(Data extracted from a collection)
______

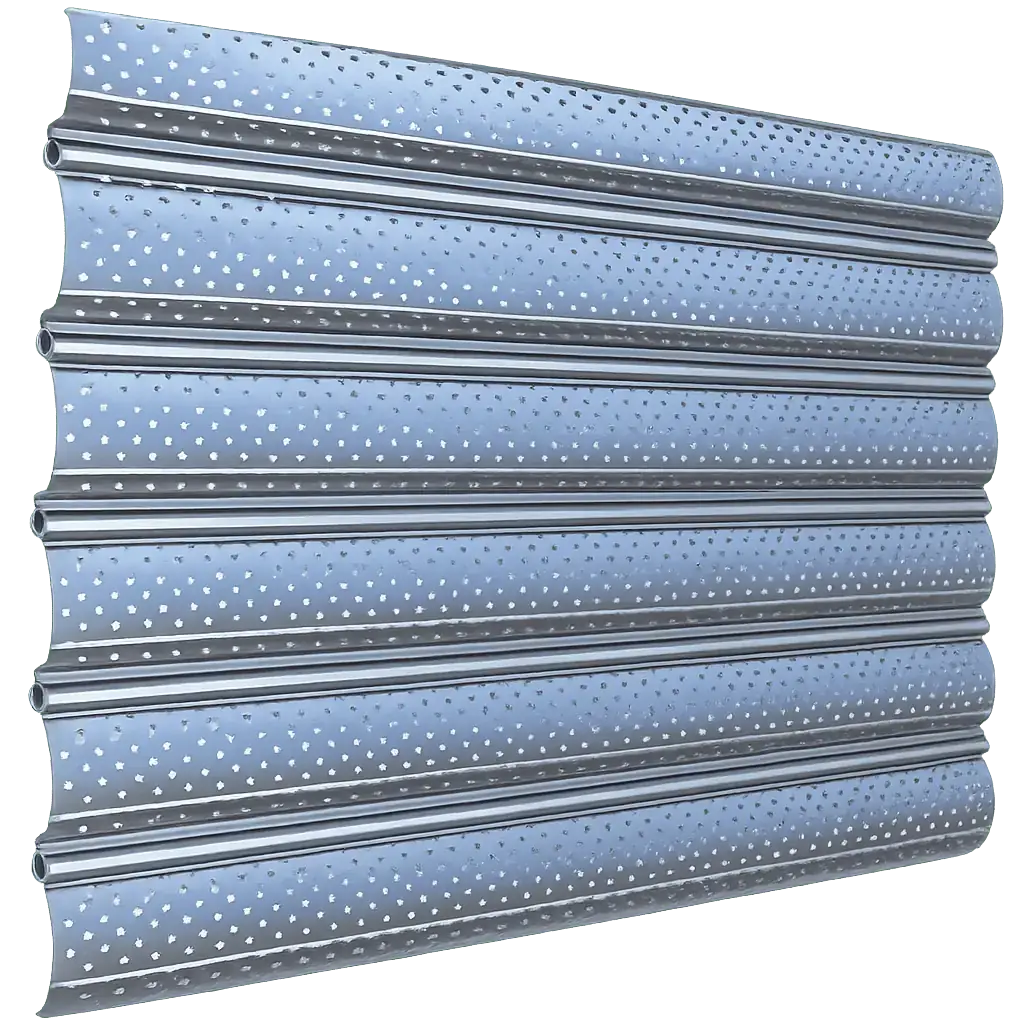 Rideau métallique lames microperforées - Visibilité et ventilation à Lille - DRM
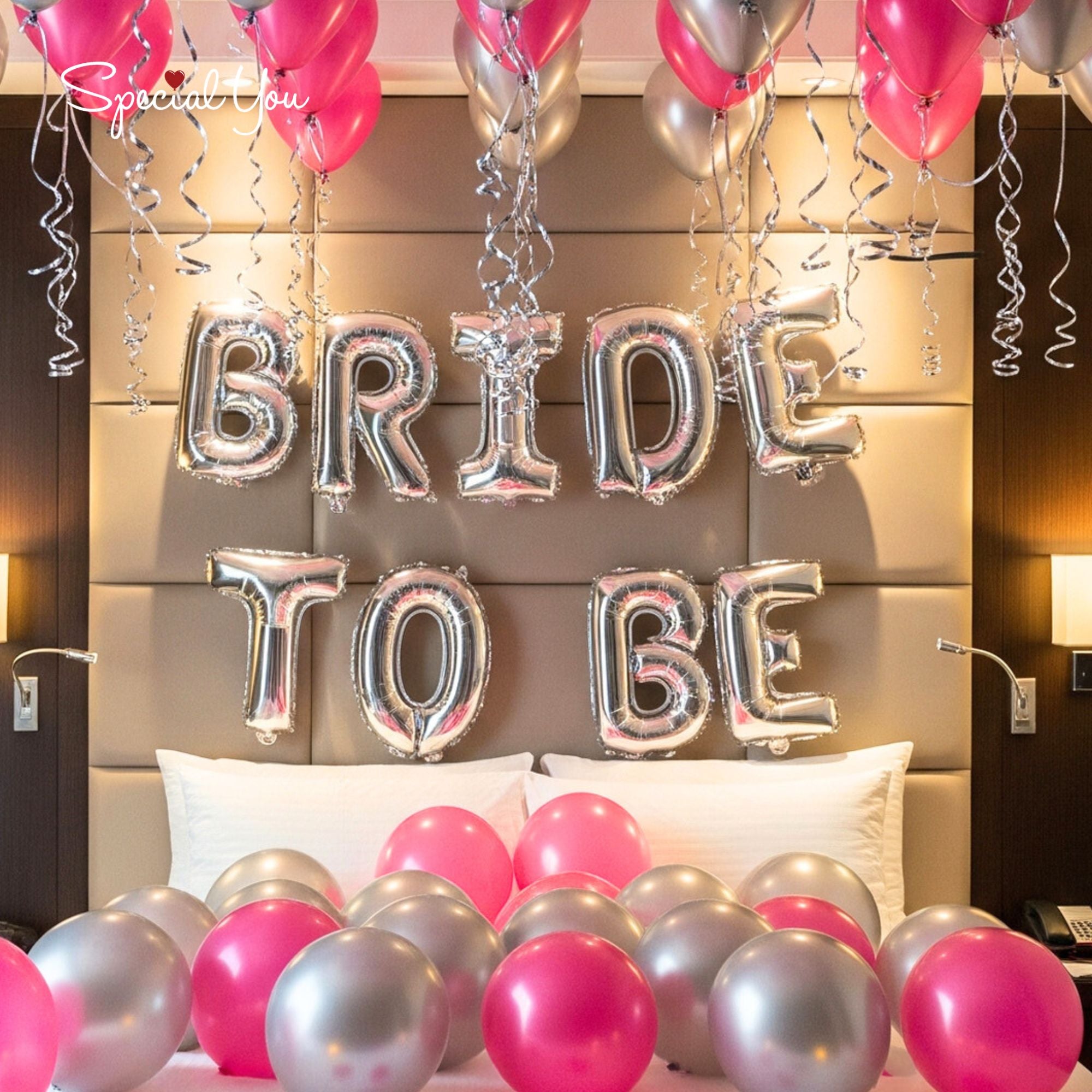 Glam Bride to Be Bash decor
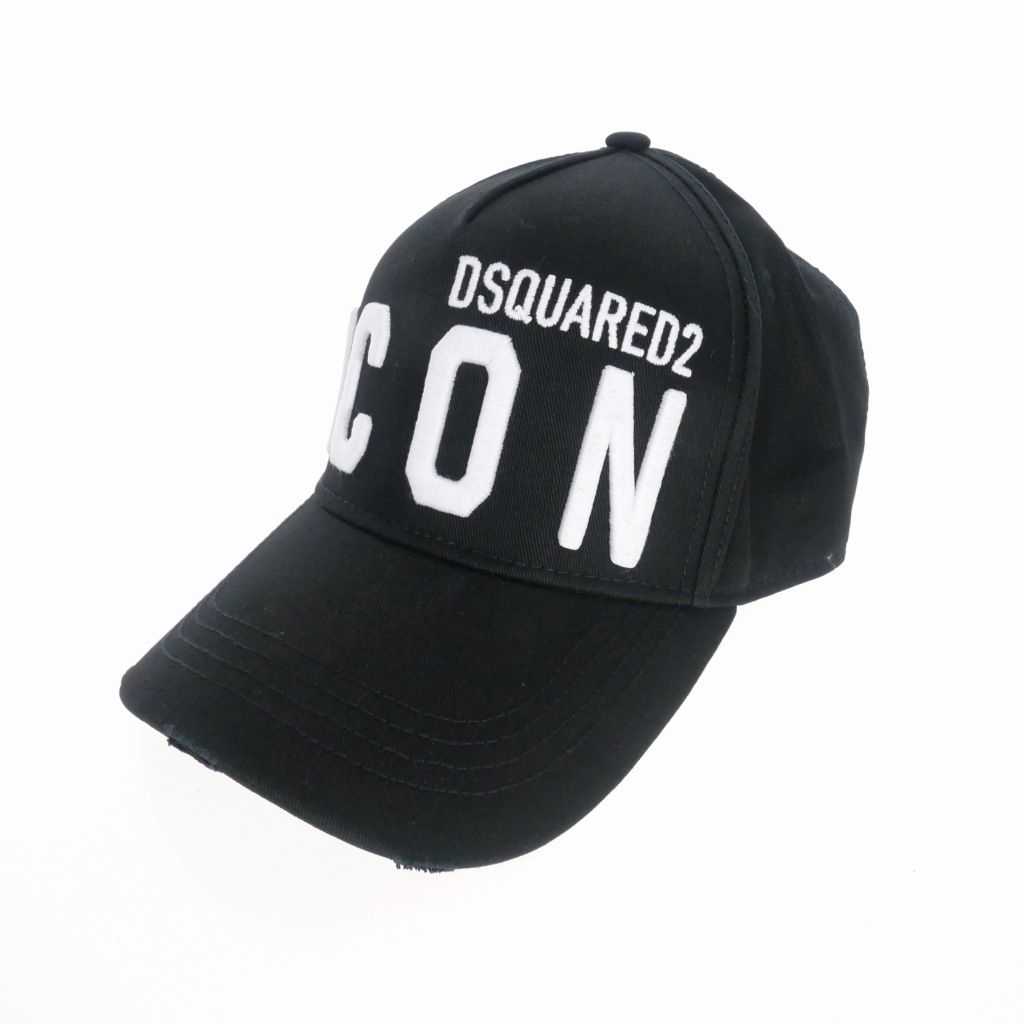ディースクエアード DSQUARED2 21SS ICON CAP ダメージ加工 刺繍 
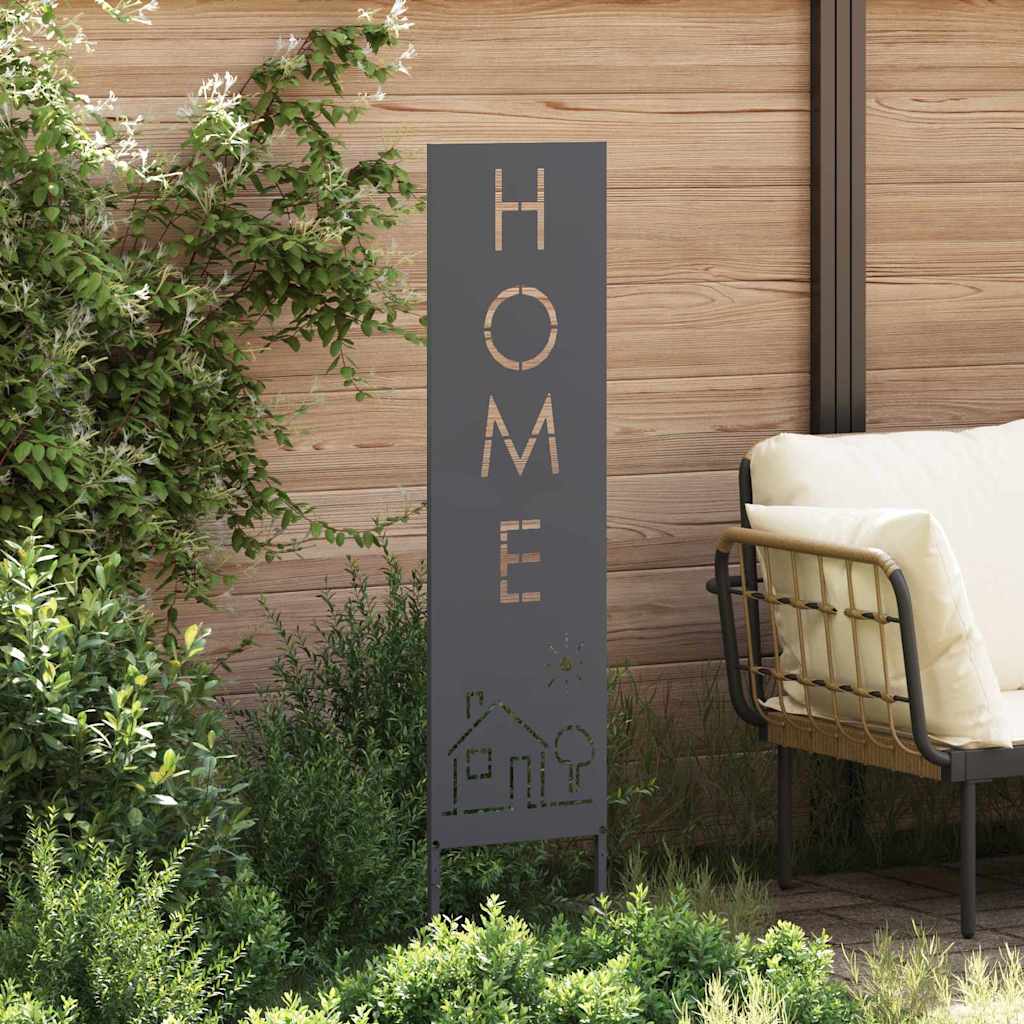 Vidaxxl paravento da giardino antracite 32 x 140 cm in acciaio laminato a freddo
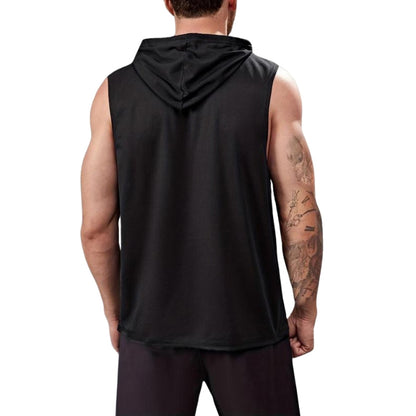 Graphic Drawstring Hooded Sweat Activated Sports Top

______

**Prompt**
Restate the data word for word without pictures.

**Solution for this exercise**
 Rideau métallique lames microperforées - Visibilité et ventilation à Lille - DRM
 Glam Bride to Be Bash decor
ディースクエアード DSQUARED2 21SS ICON CAP ダメージ加工 刺繍 
 Vidaxxl paravento da giardino antracite 32 x 140 cm in acciaio laminato a freddo
 Graphic Drawstring Hooded Sweat Activated Sports Top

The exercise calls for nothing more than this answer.